Dataset excerpt
━━━━━━━━━━
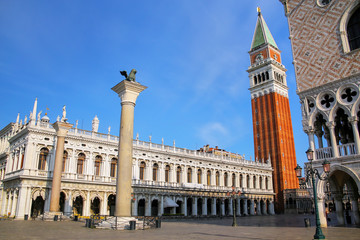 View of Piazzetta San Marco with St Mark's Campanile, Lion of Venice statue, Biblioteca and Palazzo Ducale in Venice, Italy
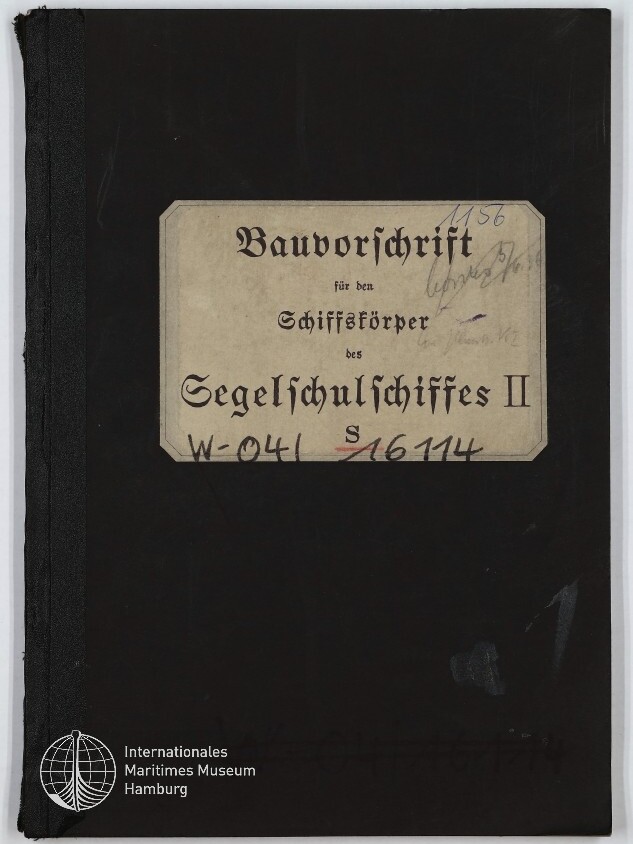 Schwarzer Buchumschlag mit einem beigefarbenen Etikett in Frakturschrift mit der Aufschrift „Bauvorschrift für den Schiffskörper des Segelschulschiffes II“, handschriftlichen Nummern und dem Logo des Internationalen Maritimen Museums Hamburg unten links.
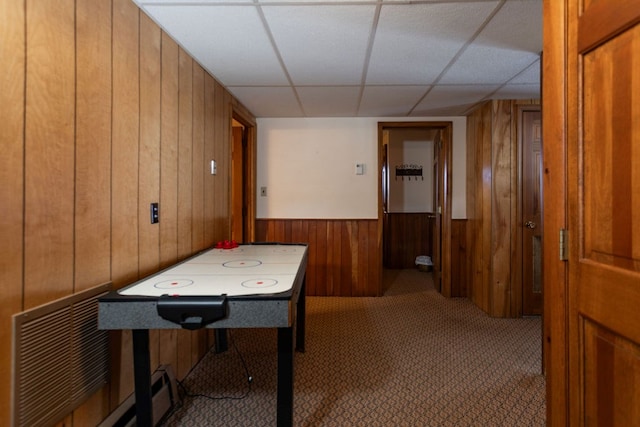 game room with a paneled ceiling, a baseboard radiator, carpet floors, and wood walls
━━━━━━━━━━
What is being asked
Exact repetition is the task: every line from the start of the data to the line with "Schwarzer Buchumschlag mit", inclusive, and none after it, pictures omitted.

Worked solution
 View of Piazzetta San Marco with St Mark's Campanile, Lion of Venice statue, Biblioteca and Palazzo Ducale in Venice, Italy
 Schwarzer Buchumschlag mit einem beigefarbenen Etikett in Frakturschrift mit der Aufschrift „Bauvorschrift für den Schiffskörper des Segelschulschiffes II“, handschriftlichen Nummern und dem Logo des Internationalen Maritimen Museums Hamburg unten links.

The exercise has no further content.